An alternative scoring method—the Diagnostic Rating System (DRS)—was developed to standardize the scoring processes used by raters. With this method, the rubric developers’ intended scoring processes are made explicit, requiring raters to respond to a series of nested, logic-based, selected-response statements resembling a decision tree. Accordingly, scoring via the DRS may standardize raters’ scoring processes and mitigate scoring subjectivity.
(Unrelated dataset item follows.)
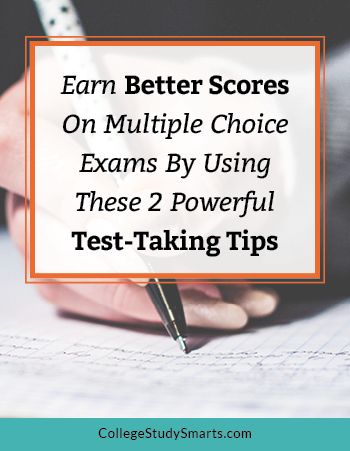 Multiple Choice Test Taking Strategies, Act Test Hacks, Act Test Tips, Studying Effectively, Test Taking Tips, College Productivity, Test Strategies, School Tricks, Upsc Study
The DRS was adminsitered via an online survey system to assure raters were only exposed to relevant statements corresponding to their previous responses to the branching network of nested statements.

The purpose of the current study is twofold. The first purpose is to determine whether raters scoring essays via the DRS method are scoring the essays as intended by the rubric developers. The second purpose is to determine whether raters scoring essays via the traditional rubric use the same cognitive scoring processes as raters scoring essays via the DRS. Recall, application of the rubric in a manner not in alignment with the intended application of the rubric may not support the intended interpretation of scores.

Data were collected from a mid-Atlantic public university. Examinees were asked to compose an essay regarding a personal ethical dilemma using the 8 Key Question ethical reasoning framework. Independent groups of raters scored the essays using the traditional rubric or the DRS. To determine if raters scored essays as intended using both the traditional rubric and the DRS, an item response theory model with a tree-like structure (i.e., IRTree) was specified. The IRTree was specified to depict the raters’ hypothesized decision-making processes made explicit by the DRS. The decision-making process is modeled as a series of sub-processes (decisions) represented by internal nodes that either branch to other internal node(s) or to a terminal node (rating). Given adequate model-data fit, the IRTree model should elucidate whether the raters’ scoring processes adhere to the rubric developer’s intention. Preliminary analysis suggests raters using the DRS are better able to rate analytically, as intended, rather than being influenced by the holistic quality of the essay. Given the validity of inferences made from performance assessment scores is dependent on use of rubrics in a consistent and intended manner, the DRS may be a viable alternative to traditional rubric scoring.